Unfortunately, it is not possible to avoid excessive backtracking fully when alignments are permitted to have two or more mismatches. In our experiments, we have observed that excessive backtracking is significant only when a read has many low-quality positions and does not align or aligns poorly to the reference. These cases can trigger in excess of 200 backtracks per read because there are many legal combinations of low-quality positions to be explored before all possibilities are exhausted. We mitigate this cost by enforcing a limit on the number of backtracks allowed before a search is terminated (default: 125).

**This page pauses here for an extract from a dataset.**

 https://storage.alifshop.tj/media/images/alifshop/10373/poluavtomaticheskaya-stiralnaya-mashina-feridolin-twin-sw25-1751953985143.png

The limit prevents some legitimate, low-quality alignments from being reported, but we expect that this is a desirable trade-off for most applications.
Phased Maq-like search
Bowtie allows the user to select the number of mismatches permitted (default: two) in the high-quality end of a read (default: the first 28 bases) as well as the maximum acceptable quality distance of the overall alignment (default: 70). Quality values are assumed to follow the definition in PHRED [24], where p is the probability of error and Q = -10log p.
Both the read and its reverse complement are candidates for alignment to the reference. For clarity, this discussion considers only the forward orientation. See Additional data file 1 (Supplementary Discussion 2) for an explanation of how the reverse complement is incorporated.
The first 28 bases on the high-quality end of the read are termed the 'seed'. The seed consists of two halves: the 14 bp on the high-quality end (usually the 5' end) and the 14 bp on the low-quality end, termed the 'hi-half' and the 'lo-half', respectively. Assuming the default policy (two mismatches permitted in the seed), a reportable alignment will fall into one of four cases: no mismatches in seed (case 1); no mismatches in hi-half, one or two mismatches in lo-half (case 2); no mismatches in lo-half, one or two mismatches in hi-half (case 3); and one mismatch in hi-half, one mismatch in lo-half (case 4).
All cases allow any number of mismatches in the nonseed part of the read and all cases are also subject to the quality distance constraint.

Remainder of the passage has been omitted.